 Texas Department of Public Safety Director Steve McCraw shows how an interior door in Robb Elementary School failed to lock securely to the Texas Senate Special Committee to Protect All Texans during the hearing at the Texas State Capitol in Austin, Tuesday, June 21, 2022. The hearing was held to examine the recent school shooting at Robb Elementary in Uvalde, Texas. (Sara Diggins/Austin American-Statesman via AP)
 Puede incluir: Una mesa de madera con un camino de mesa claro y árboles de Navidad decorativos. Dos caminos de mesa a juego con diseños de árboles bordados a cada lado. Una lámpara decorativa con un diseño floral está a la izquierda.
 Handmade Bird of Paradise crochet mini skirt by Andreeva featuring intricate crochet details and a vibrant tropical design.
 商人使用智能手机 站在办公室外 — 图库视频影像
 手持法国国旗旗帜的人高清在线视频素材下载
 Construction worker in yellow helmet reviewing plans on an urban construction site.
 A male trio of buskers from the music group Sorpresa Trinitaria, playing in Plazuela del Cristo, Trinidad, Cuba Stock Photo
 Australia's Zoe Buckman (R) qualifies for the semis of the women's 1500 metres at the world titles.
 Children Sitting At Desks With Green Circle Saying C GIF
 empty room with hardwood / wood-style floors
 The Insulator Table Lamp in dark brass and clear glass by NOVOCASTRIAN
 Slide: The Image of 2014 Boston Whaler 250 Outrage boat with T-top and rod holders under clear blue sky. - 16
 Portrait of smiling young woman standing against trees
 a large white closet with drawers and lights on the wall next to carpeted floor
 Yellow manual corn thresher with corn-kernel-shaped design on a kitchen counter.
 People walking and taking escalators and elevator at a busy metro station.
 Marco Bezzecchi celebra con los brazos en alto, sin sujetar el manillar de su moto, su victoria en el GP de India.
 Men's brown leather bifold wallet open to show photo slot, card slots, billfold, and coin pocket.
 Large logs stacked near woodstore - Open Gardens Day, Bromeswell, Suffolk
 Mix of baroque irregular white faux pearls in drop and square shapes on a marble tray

Task directions - Nothing but the lines from the one containing "Australia's Zoe Buckman" through the final line of the listing above belongs in the answer; set them down exactly.

Response to the task -
 Australia's Zoe Buckman (R) qualifies for the semis of the women's 1500 metres at the world titles.
 Children Sitting At Desks With Green Circle Saying C GIF
 empty room with hardwood / wood-style floors
 The Insulator Table Lamp in dark brass and clear glass by NOVOCASTRIAN
 Slide: The Image of 2014 Boston Whaler 250 Outrage boat with T-top and rod holders under clear blue sky. - 16
 Portrait of smiling young woman standing against trees
 a large white closet with drawers and lights on the wall next to carpeted floor
 Yellow manual corn thresher with corn-kernel-shaped design on a kitchen counter.
 People walking and taking escalators and elevator at a busy metro station.
 Marco Bezzecchi celebra con los brazos en alto, sin sujetar el manillar de su moto, su victoria en el GP de India.
 Men's brown leather bifold wallet open to show photo slot, card slots, billfold, and coin pocket.
 Large logs stacked near woodstore - Open Gardens Day, Bromeswell, Suffolk
 Mix of baroque irregular white faux pearls in drop and square shapes on a marble tray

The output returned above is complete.